**WORK REQUIRED**
Pictures stay out of the output. Return exactly the lines below from the one with "PA license plate KPU4851" down to the one with "the dead sea at sunset", both included, and nothing more.

**LISTED RECORDS**
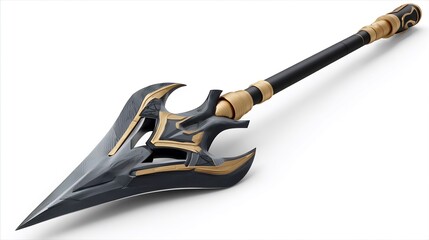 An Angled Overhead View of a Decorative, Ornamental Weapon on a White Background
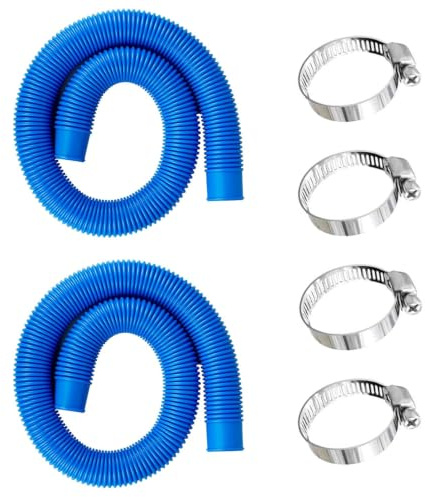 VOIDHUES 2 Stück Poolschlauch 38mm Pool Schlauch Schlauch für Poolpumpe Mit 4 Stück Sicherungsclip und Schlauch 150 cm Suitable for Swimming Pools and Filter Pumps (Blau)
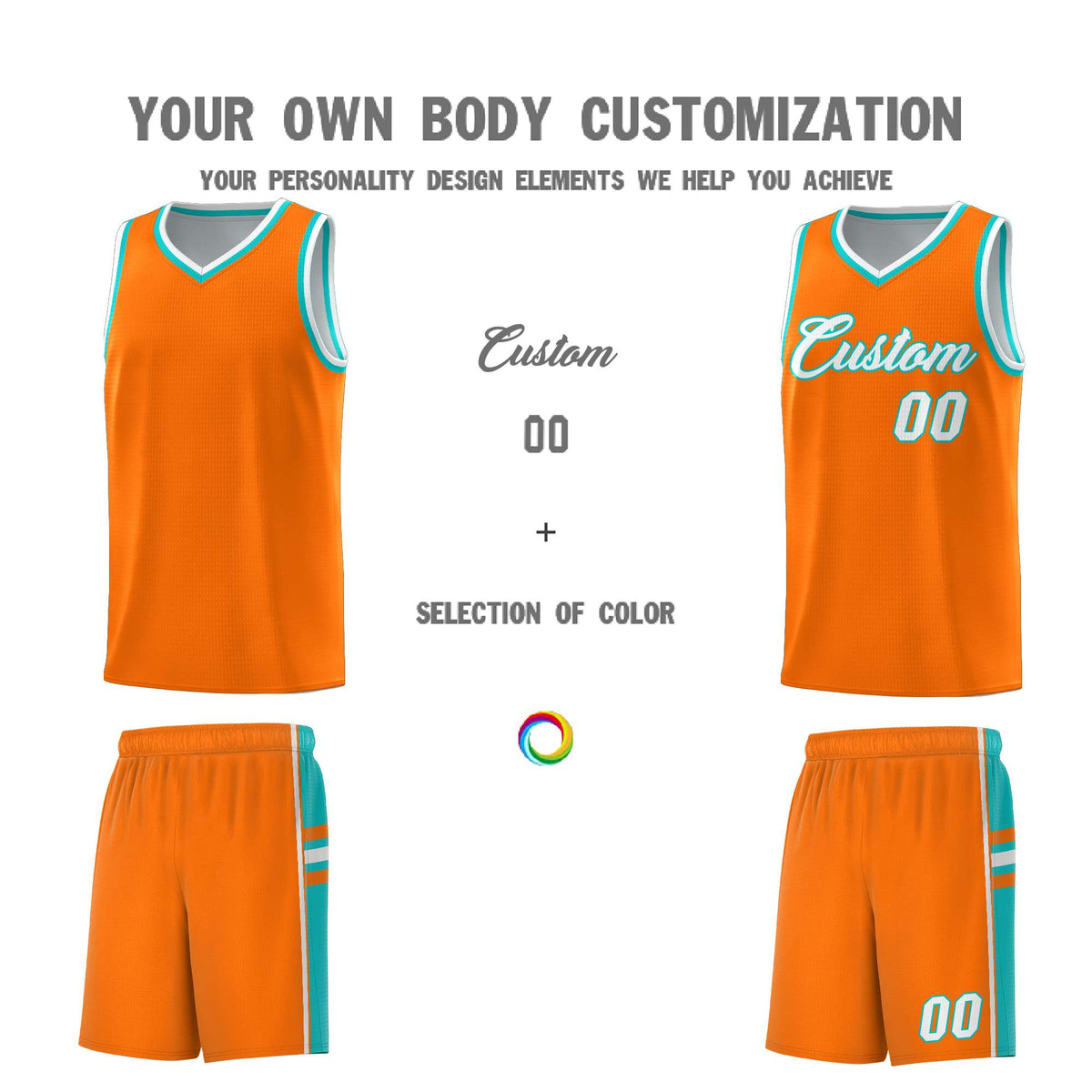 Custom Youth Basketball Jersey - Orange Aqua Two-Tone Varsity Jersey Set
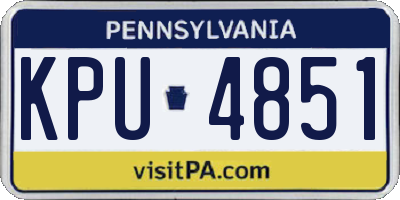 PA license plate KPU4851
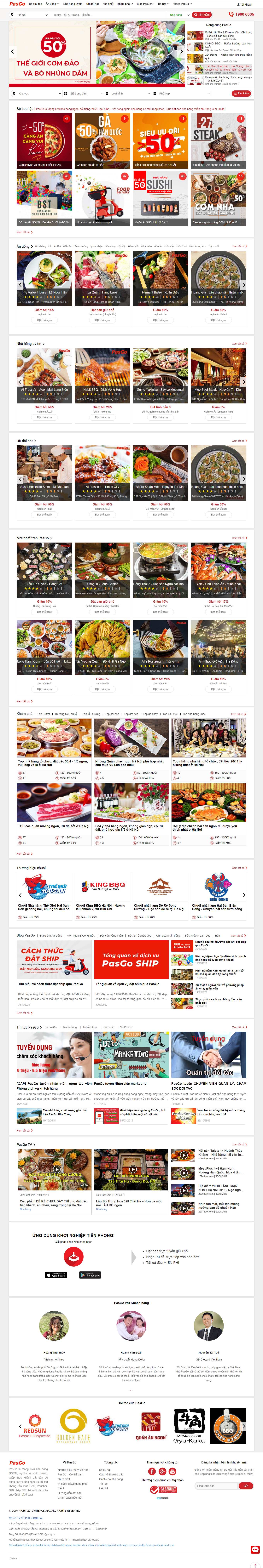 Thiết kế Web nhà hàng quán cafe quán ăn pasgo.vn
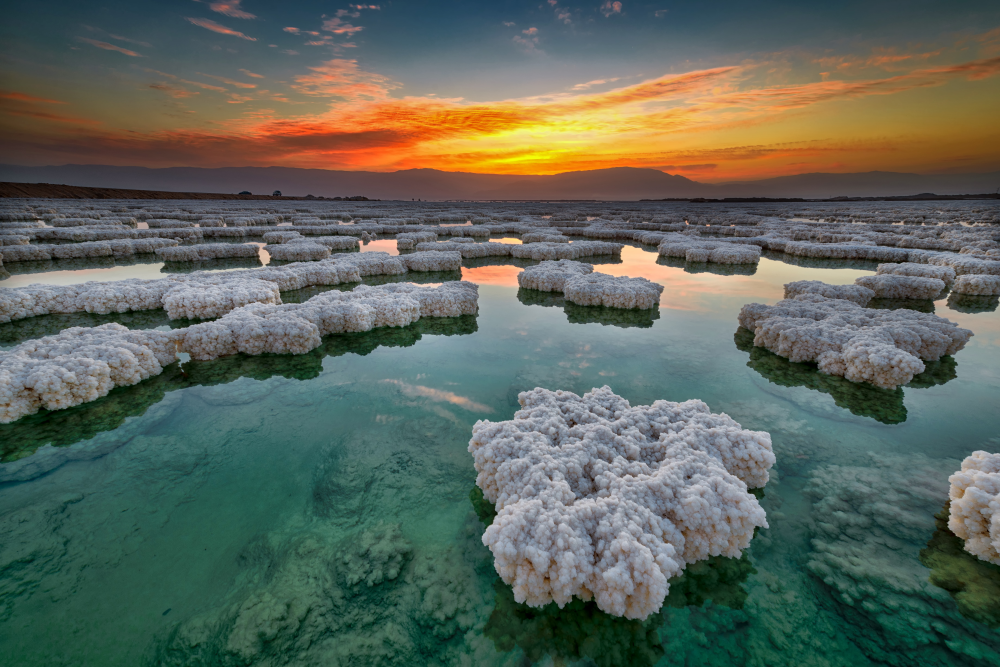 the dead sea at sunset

--

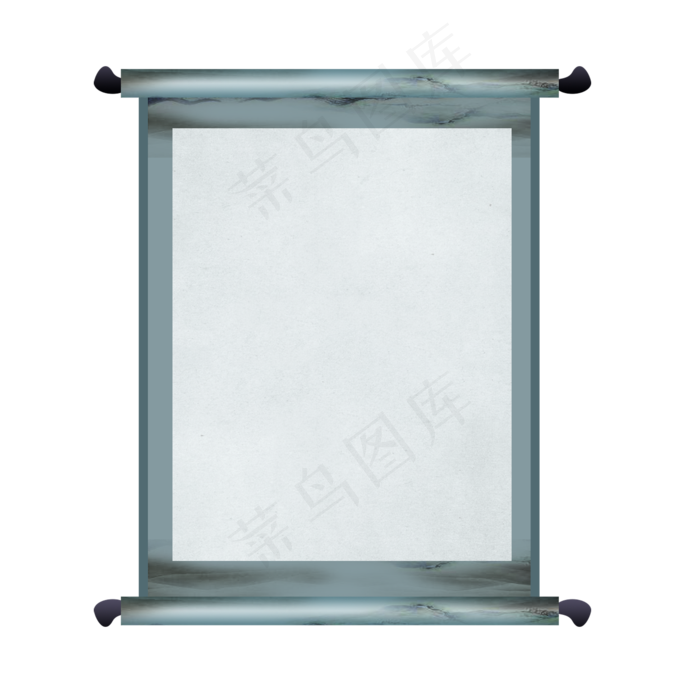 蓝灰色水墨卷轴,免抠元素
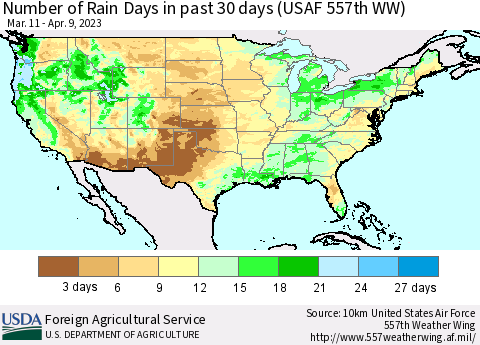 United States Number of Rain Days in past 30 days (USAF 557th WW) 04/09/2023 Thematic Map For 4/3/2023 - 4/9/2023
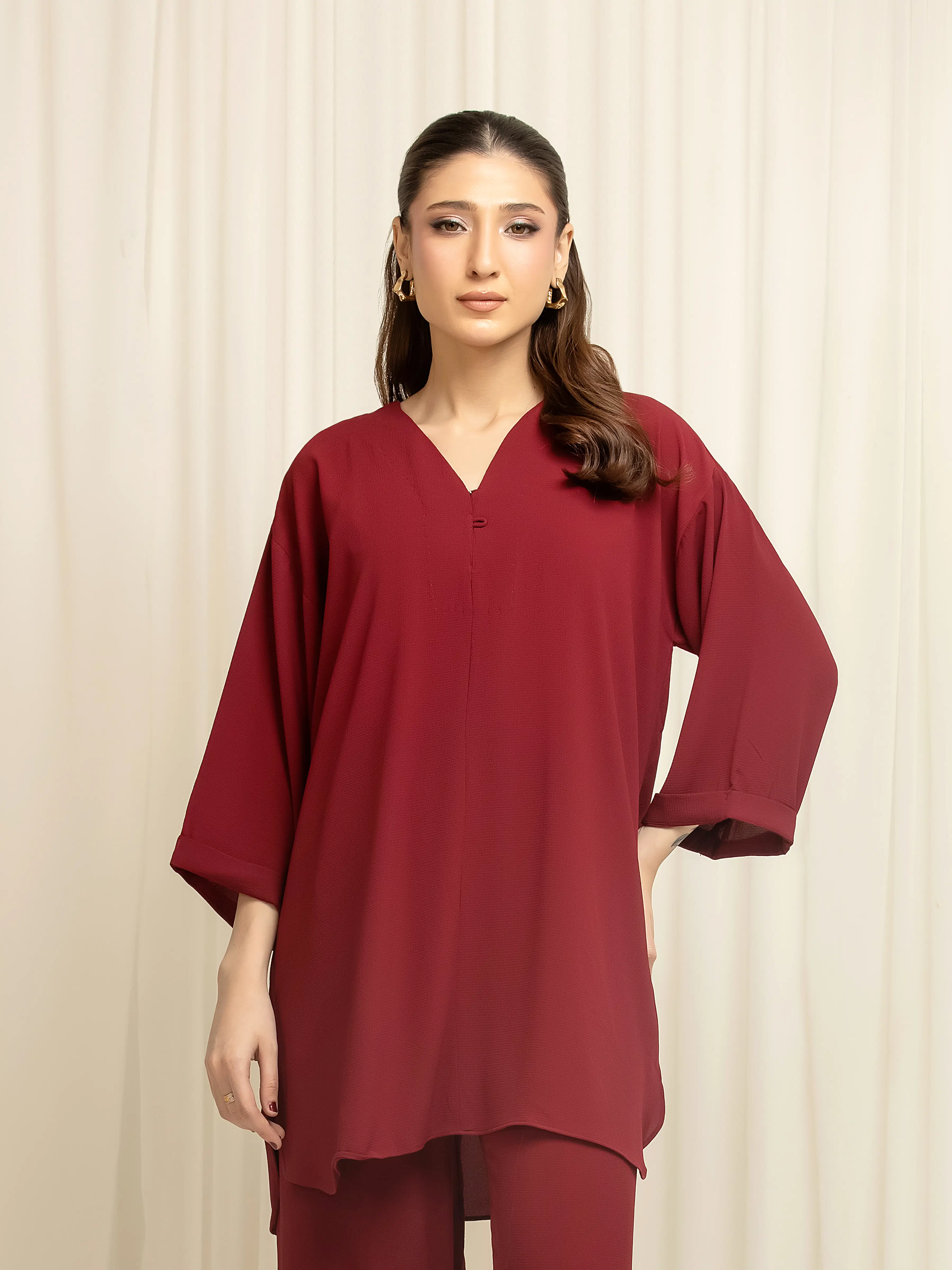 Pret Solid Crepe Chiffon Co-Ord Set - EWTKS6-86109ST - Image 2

**YOUR RESPONSE**
 PA license plate KPU4851
 Thiết kế Web nhà hàng quán cafe quán ăn pasgo.vn
 the dead sea at sunset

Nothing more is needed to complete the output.